Ofwat questioned Thames Water about how it could justify paying a dividend of £37.5 million to its parent company without breaking rules meant to safeguard consumers and the environment.
The water regulator announced that it was investigating if the dividend, announced on Tuesday, was consistent with the licence requirements of the company. The water regulator has not yet initiated a formal enforcement action.
Ofwat had been informed in advance of the dividend and stated that it had written the water provider last Friday asking for a response by the end the month.
Thames Water claimed that the money was being transferred to a parent firm to pay off its debts and no dividends had been paid to “external investors”.
The Guardian was the first to report on this letter.
The regulator stated: “Following notice that Thames Water paid a dividend, Ofwat investigates whether this payment meets the licence requirements.
“Ofwat requested that Thames Water provide additional information on how the dividend payment meets licence requirements to include service delivery to customers and the environment as well as investment and financial resilience.
We will review the extra information from the company and determine if more action is necessary.
New rules introduced in May of this year prevent water companies from paying dividends until they fulfill their promises to customers and the environment.
The regulator can impose fines of up to 10% of the relevant turnover of Thames Water.
The company stated that it worked with Ofwat to “provide further context and clarity” regarding the decision to pay a dividend.
The company said that it had not paid any dividends to outside shareholders and hasn’t taken one for the past six years. (Since 2017), the priority was to invest in the improvement of service to customers and the protection of the environment.
Our plans do not include any external dividends for shareholders until 2030 at the earliest, in order to support our turnaround.
MPs had previously said that Thames Water would be bringing a representative to Parliament to answer questions.

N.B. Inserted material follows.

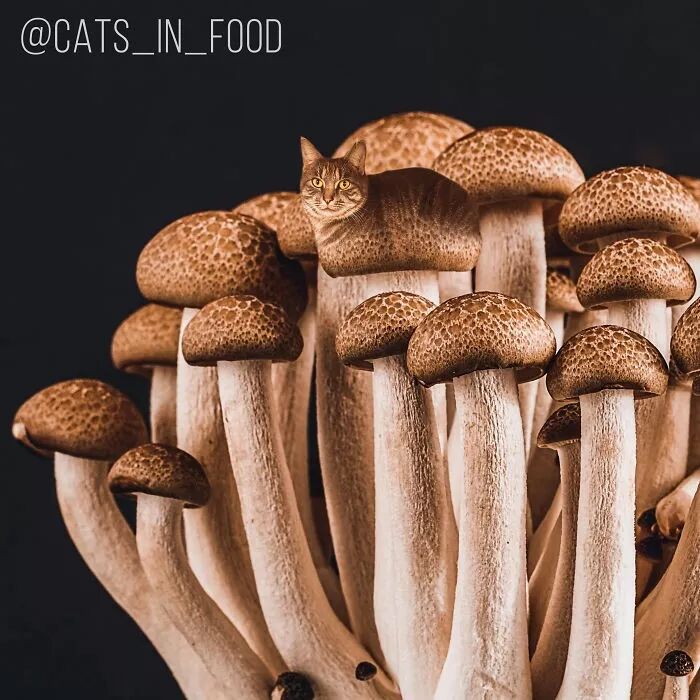 竟然有如此高等的吸貓方法，還不快用Ps操作一下！ 寵物 第5張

The Environment, Food and Rural Affairs Committee has asked the company to appear on Tuesday, November 9, to provide an explanation of its financial status. Ofwat was also invited.

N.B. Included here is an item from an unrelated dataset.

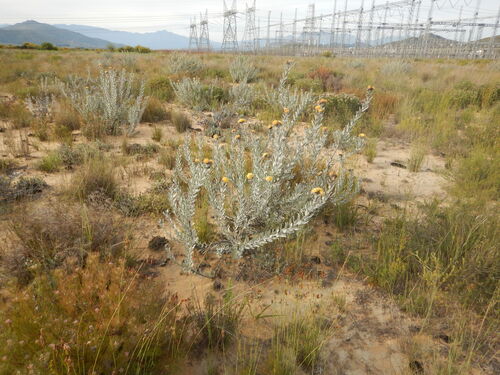 Common sandveld pincushion (Leucospermum rodolentum)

Thames Water had warned earlier on Tuesday that it will take time to turn things around and that the debt of the company continued to increase in the first half year.
The largest water supplier in the UK reported a 54% decrease in pre-tax profit, which amounted to £246.4m for the six months ending on September 30th.
The company’s revenues rose by 12 percent to £1.3bn, but spent £1bn in record amounts on network improvements.
The results revealed that the debt load of the country has also increased by 7 percent to £14.7bn.
Interim managers said that “immediate action and radical change” was needed to improve the company’s financial and environmental performance.
They said: “Turning the Thames around will take some time. We cannot deliver everything our customers and stakeholders want at the pace and price everyone wants.
We will keep making difficult decisions to deliver what matters most to our customers and the environment.
The results are just a few days after auditors at Thames Water parent company Kemble Water Holdings warned that the company could run out money next April if investors do not inject more cash.
PricewaterhouseCoopers (PwC) recently published accounts for Kemble, the main company behind Thames Water. These accounts contain a warning about the future of Kemble due to a “material uncertainty.” The concern is that there are currently no plans in place to refinance a loan worth £190m at one of its subsidiary companies.
Thames Water shareholders decided in the summer that they would inject £750m into the company’s finances to boost its finances and stave of the threat of nationalisation.
The company asked for £1bn last year.
Thames Water Utilities’ spokesperson stated: “We have a strong financial position, and we are very fortunate to have shareholders who are so supportive.”
The firm stated that the funding package agreed on in the summer is “subject to certain conditions”. These include the preparation of a detailed business plan which will support a targeted turnaround, delivering performance improvements for customers and the environment over the next 3 years.
The group said that shareholders have “acknowledged the need” for an additional £2,5 billion in equity investments in future regulatory periods.
Sarah Bentley, the former head of the water company, abruptly resigned in June due to concerns about its financial stability.
In June, it was revealed that the government had been preparing contingency plans in case Thames Water failed. This was due to growing concerns that the company would collapse under its debts.
Since privatisation, the company has been burdened with debts. Now it faces higher interest rates on these debts as part of them are linked to inflation.
A possible investigation is planned for the group to determine if it misled lawmakers earlier this year about its financial state and investor support.